> _About this task_: Please return the lines below verbatim, beginning at the one that has "Newspaper Delft Tile" and stopping after the one that has "Volcano Pico del Teide and Pico Viejo", and add no other lines.

> _Data for processing_:
┄┄┄┄┄┄┄┄┄┄┄┄┄┄┄┄┄┄┄┄
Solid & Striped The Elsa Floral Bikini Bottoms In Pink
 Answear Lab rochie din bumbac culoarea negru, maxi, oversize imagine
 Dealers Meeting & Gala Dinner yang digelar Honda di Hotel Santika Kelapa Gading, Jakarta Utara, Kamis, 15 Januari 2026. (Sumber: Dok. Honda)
┄┄┄┄┄┄┄┄┄┄┄┄┄┄┄┄┄┄┄┄
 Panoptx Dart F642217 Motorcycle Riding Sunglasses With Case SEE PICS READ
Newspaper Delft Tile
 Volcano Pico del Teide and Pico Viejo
┄┄┄┄┄┄┄┄┄┄┄┄┄┄┄┄┄┄┄┄
> _Exercise answer_:
Newspaper Delft Tile
 Volcano Pico del Teide and Pico Viejo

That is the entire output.